● GIVEN DATA:

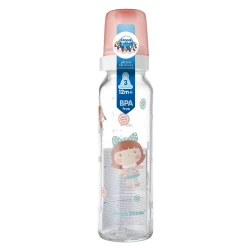 Biberon din sticlă Canpol Toys 240 ml cumpăra în Chișinau. Foto 3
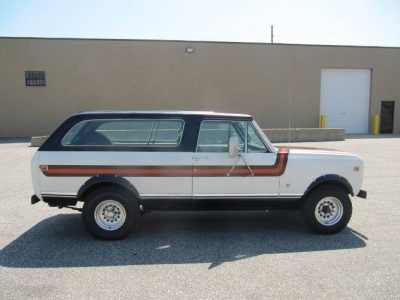 1978 International Scout II for sale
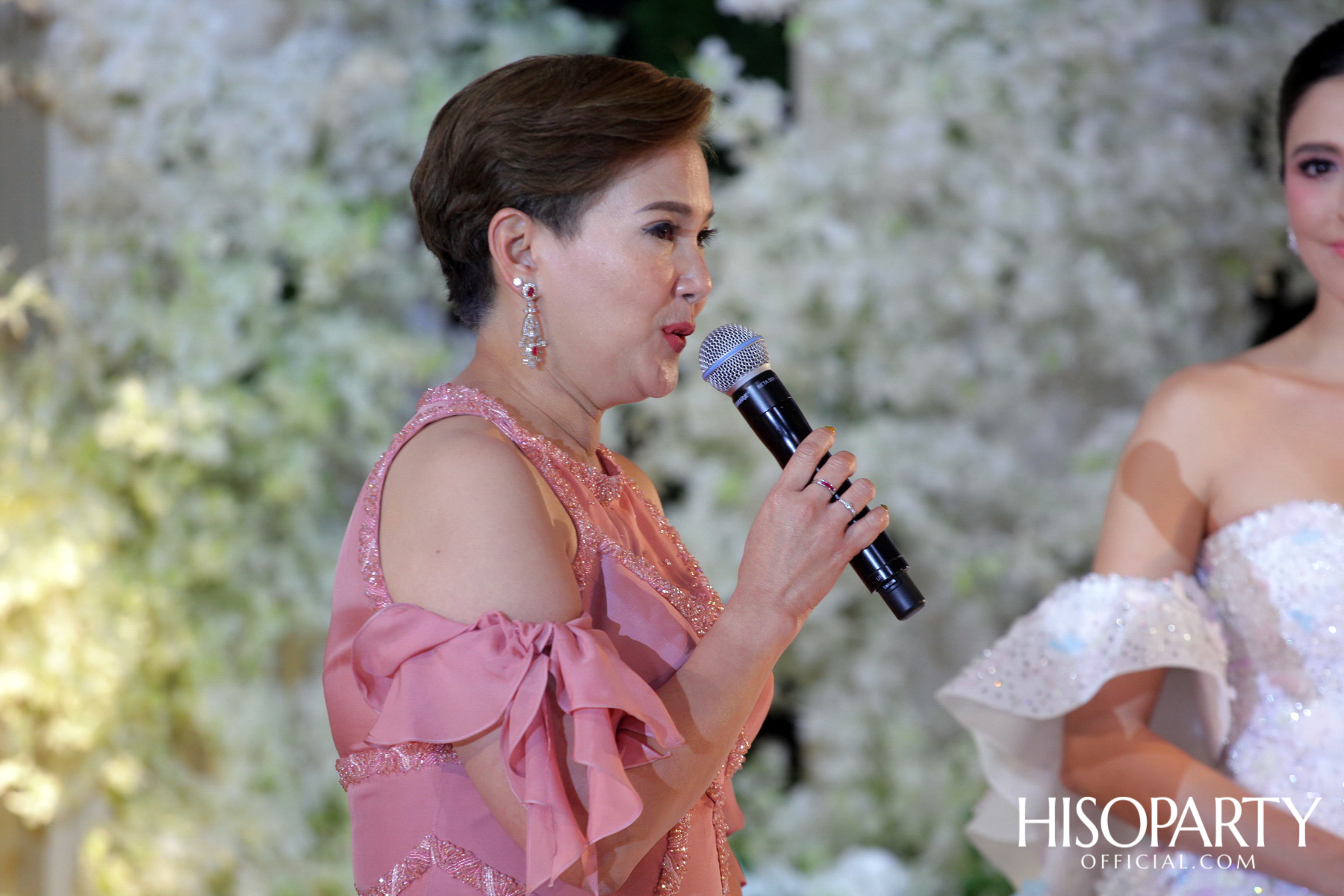 #RitaKorn งานเลี้ยงฉลองมงคลสมรส ระหว่าง ศรีริต้า เจนเซ่น และ กรณ์ ณรงค์เดช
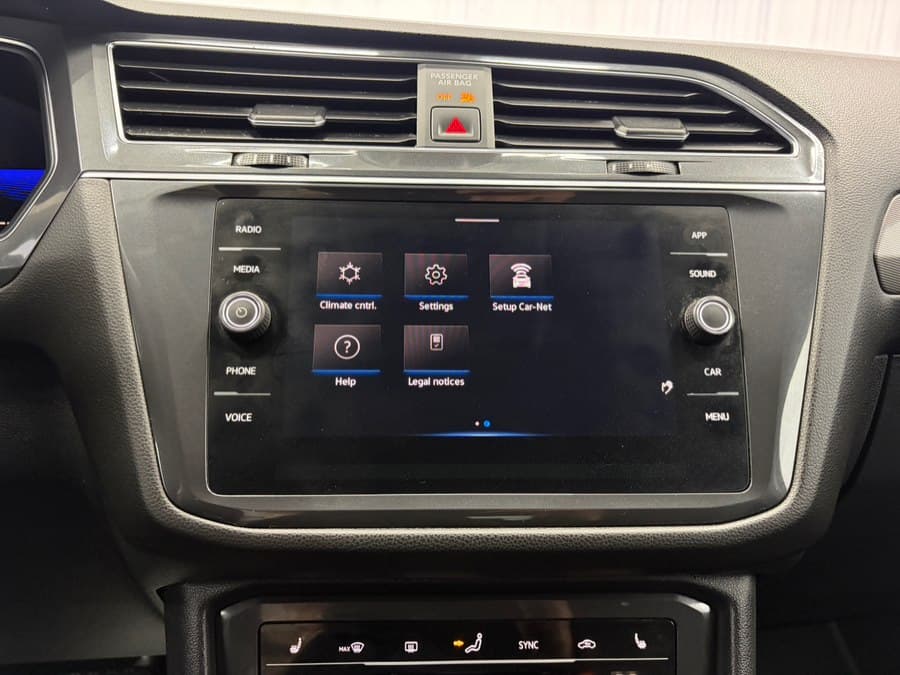 2023 Volkswagen Tiguan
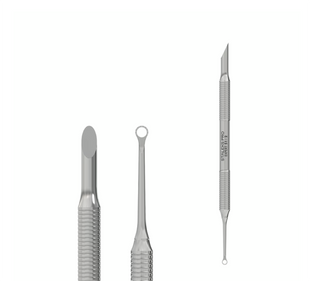 Пушер кольцо лопатка для маникюра STALEKS PRO EXPERT 51 TYPE 2 РЕ-51/2 фото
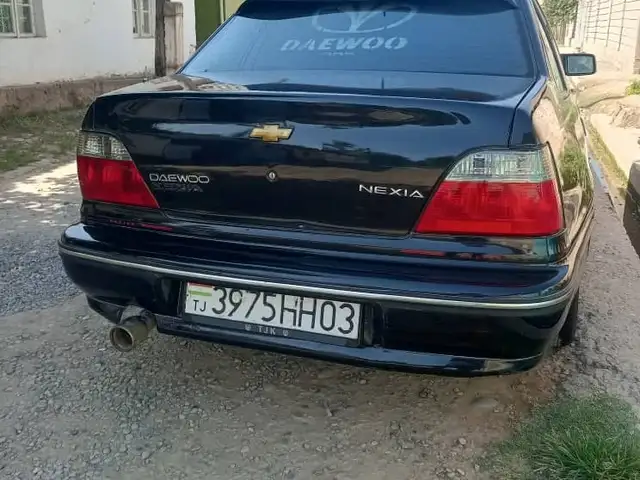 Daewoo Nexia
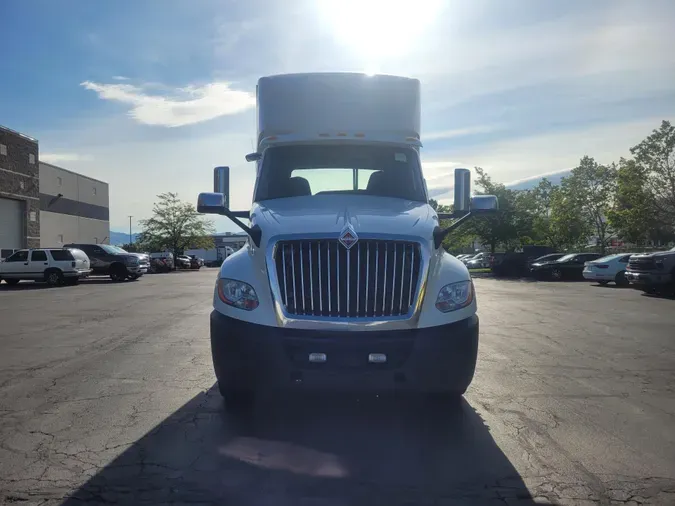 2020 International LT625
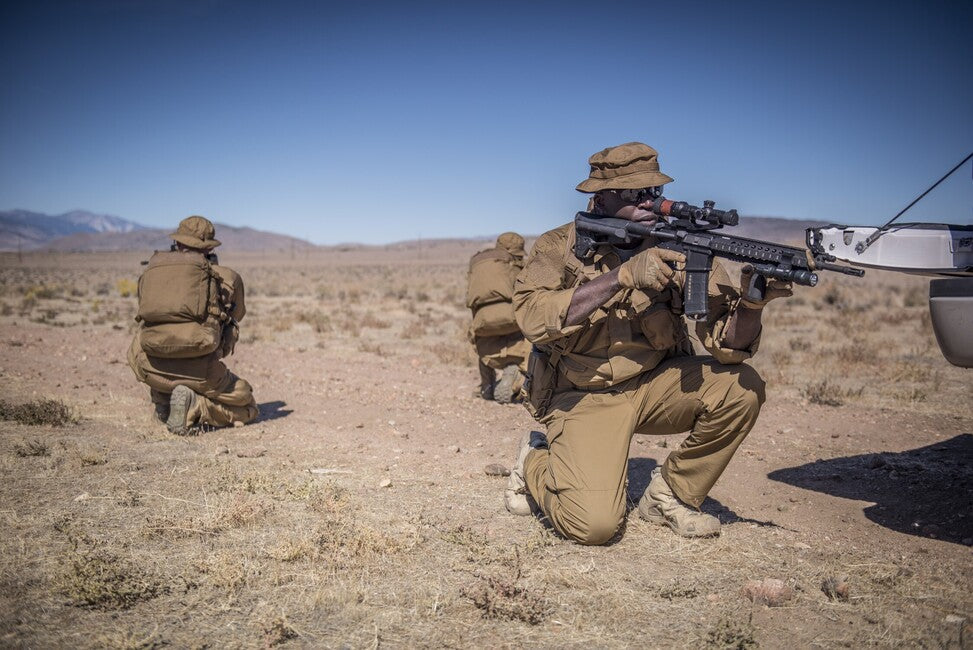 Helikon-Tex BDU Mk2 pantaloni, negri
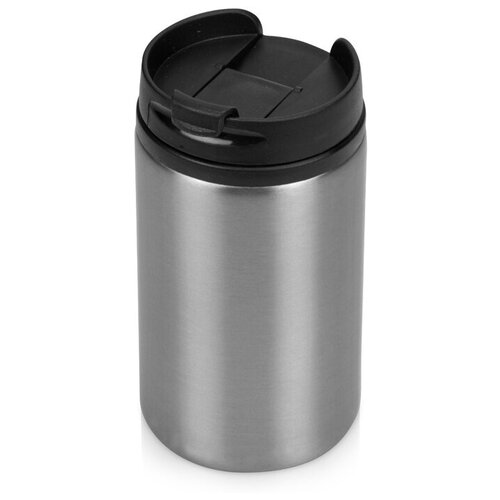 Термокружка Jar 250 мл, серебристый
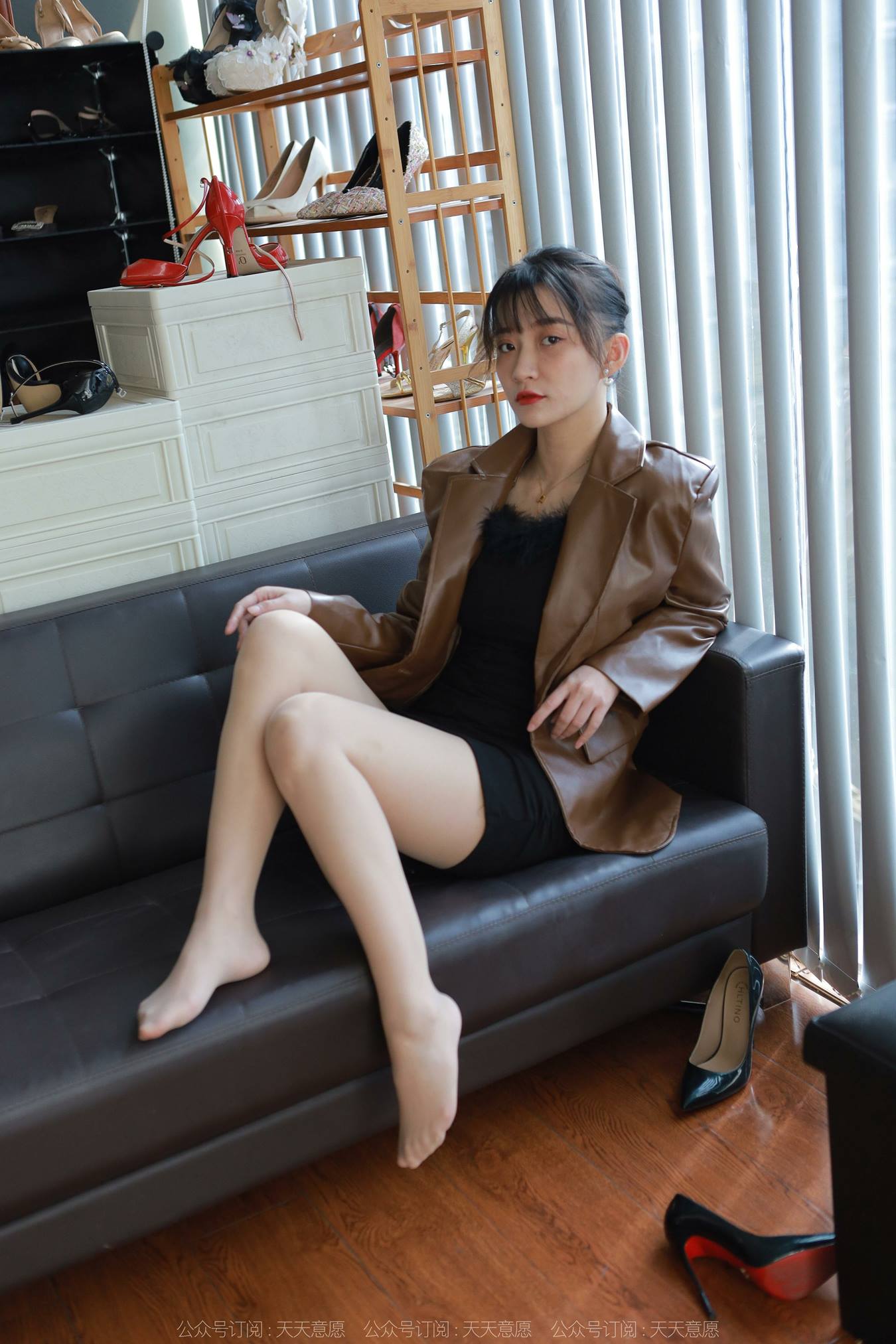 图片[16]-[IESS异思趣向] 耽丝 221206秋秋 [88P] – 速更版-美库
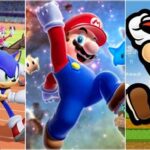 Best Mario Games For Wii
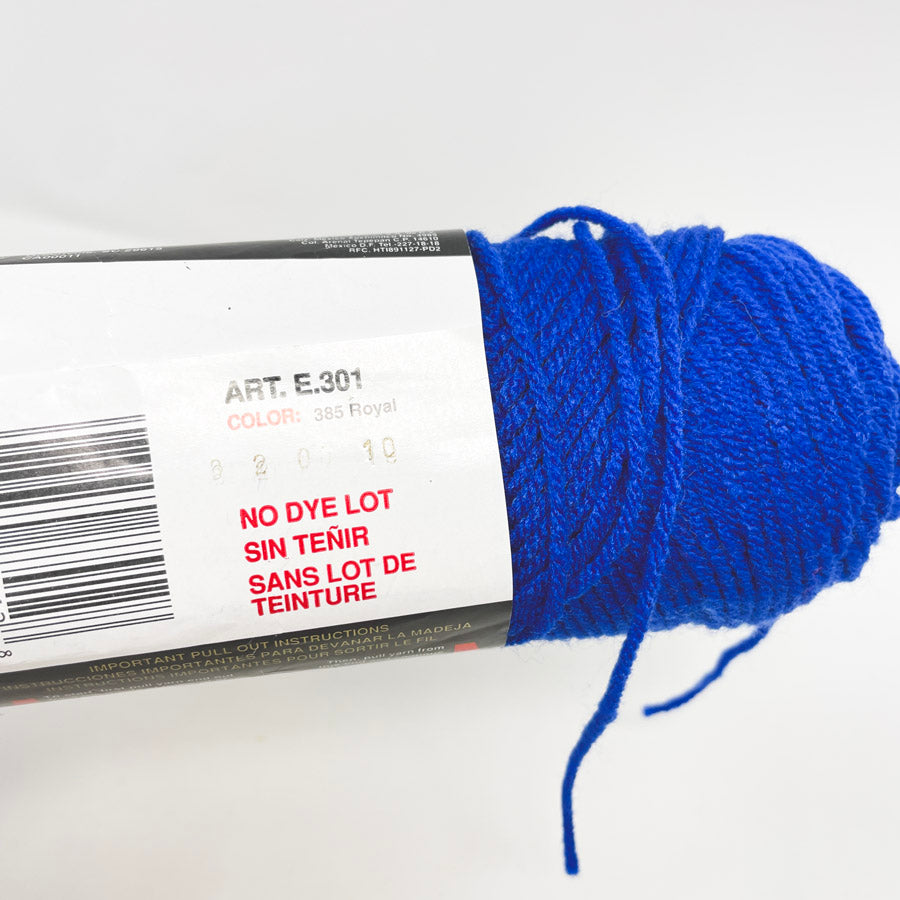 Red Heart Classic & Super Saver Acrylic Yarn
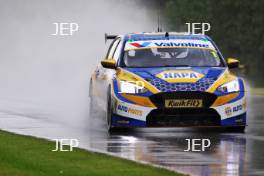 Ashley Sutton - NAPA Racing UK Ford Focus ST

● WHAT THE TASK REQUIRES:
Retype the listing exactly. Leave out its pictures.

● SOLUTION TO THE PROBLEM:
 Biberon din sticlă Canpol Toys 240 ml cumpăra în Chișinau. Foto 3
 1978 International Scout II for sale
 #RitaKorn งานเลี้ยงฉลองมงคลสมรส ระหว่าง ศรีริต้า เจนเซ่น และ กรณ์ ณรงค์เดช
 2023 Volkswagen Tiguan
 Пушер кольцо лопатка для маникюра STALEKS PRO EXPERT 51 TYPE 2 РЕ-51/2 фото
 Daewoo Nexia
 2020 International LT625
 Helikon-Tex BDU Mk2 pantaloni, negri
 Термокружка Jar 250 мл, серебристый
 图片[16]-[IESS异思趣向] 耽丝 221206秋秋 [88P] – 速更版-美库
 Best Mario Games For Wii
 Red Heart Classic & Super Saver Acrylic Yarn
 Ashley Sutton - NAPA Racing UK Ford Focus ST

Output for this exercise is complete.